Thursday, June 14, 2018

Business Recorder Editorial June 14, 2018

The striking contrast

Nawaz Sharif has once again produced a litany of complaints in a press conference on June 11, 2018 about the way he is being treated in the cases against him after his counsel Khwaja Haris withdrew. The counsel found it impossible to represent his client to the best of his ability after the Supreme Court (SC) ordered an extension of one month to the deadline for wrapping up the references against Nawaz Sharif and his family in an accountability court, admonishing in the process Khwaja Haris for being unwilling to comply with the SC’s orders for hearings to be held seven days a week in order to meet the deadline. Although there exists a perception that Nawaz Sharif has been attempting to delay the proceedings (at least until after the July 25, 2018 general elections), Khwaja Haris painted a picture of cooperation with the accountability court, not asking for adjournments, and pointing out that it was the prosecution that had failed to proceed with the urgency inherent in the SC’s deadlines, with, according to him, the unprecedented monitoring of the accountability court cases by a SC judge, an assertion that is not correct. While the SC has allowed Nawaz Sharif to engage fresh counsel if Khwaja Haris cannot be persuaded to continue, this fresh process implies the very delay the SC order sought to avoid. Whatever the merits of Nawaz Sharif’s defence that is primarily based on procedure to the exclusion of any paper trail of transactions, the new counsel will have to acquaint himself with the voluminous case record before being able to do justice to his client’s cause. The emerging scenario suggests that the fresh SC deadline may well end up not being met either, and arguably the cases could drag on till after July 25.

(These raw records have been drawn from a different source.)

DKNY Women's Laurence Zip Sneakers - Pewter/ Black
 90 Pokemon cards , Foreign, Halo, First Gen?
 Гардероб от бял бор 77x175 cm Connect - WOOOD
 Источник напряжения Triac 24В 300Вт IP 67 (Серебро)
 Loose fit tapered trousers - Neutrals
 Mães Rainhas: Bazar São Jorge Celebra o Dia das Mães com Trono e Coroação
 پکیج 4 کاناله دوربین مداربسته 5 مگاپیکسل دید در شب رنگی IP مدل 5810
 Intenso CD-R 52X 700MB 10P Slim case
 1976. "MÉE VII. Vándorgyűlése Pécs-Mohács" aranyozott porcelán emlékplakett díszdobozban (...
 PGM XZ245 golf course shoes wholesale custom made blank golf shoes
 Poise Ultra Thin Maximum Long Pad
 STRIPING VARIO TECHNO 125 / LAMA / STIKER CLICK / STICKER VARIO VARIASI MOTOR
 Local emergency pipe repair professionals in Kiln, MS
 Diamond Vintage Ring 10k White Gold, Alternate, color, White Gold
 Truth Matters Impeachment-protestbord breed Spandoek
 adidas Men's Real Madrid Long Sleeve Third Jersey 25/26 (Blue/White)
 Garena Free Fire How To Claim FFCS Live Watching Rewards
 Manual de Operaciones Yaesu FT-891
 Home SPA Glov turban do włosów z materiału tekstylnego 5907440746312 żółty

Defenders of the extraordinary lengths to which the SC has gone to ensure Nawaz Sharif and family cannot take advantage of the alleged packing of all state institutions with their loyalists over the decades of being in or close to power may well have a point. However, there is also another extraordinary thrust by the SC in allowing former dictator Pervez Musharraf to return home after his blocked CNIC and passport are restored, guaranteeing he would not be arrested if he appears before the SC. The SC wishes to hear Musharraf regarding his appeal against being disqualified from participating in the coming elections. It should not be forgotten that this extraordinary concession and kid gloves treatment is being offered to a coup maker (ironically endorsed by the SC), a constitution-breaker (the Emergency in 2007), an accused in the murder cases of Nawab Akbar Bugti and Benazir Bhutto, a proclaimed absconder from justice whose properties have been ordered expropriated (which has yet to be given effect), etc. The caution and zeal with which the judiciary is pursuing Nawaz Sharif and family’s cases contrasts sharply with the wriggle room to a fugitive from justice who went abroad ostensibly for medical treatment and promised to return, but has since flouted his own commitment and the law by cocking a snook at Pakistan’s justice system. The SC may well be motivated in both instances by its interpretation of the Constitution, statutes and laws, but the striking contrast in approach has most legal luminaries and concerned citizens scratching their heads. It behoves the SC to take account of the seemingly mixed messages its contradictory jurisprudence may be sending out, and attempt a course correction so as not even unintentionally erode the dignity, respect and credibility of the judiciary. Particularly on the eve of a controversial and likely to be hotly contested election, the SC and the judiciary as a whole need to look beyond to preserve their critical role in a state and society that must abide by the rule of law, but in a consistent manner and ensuring due process.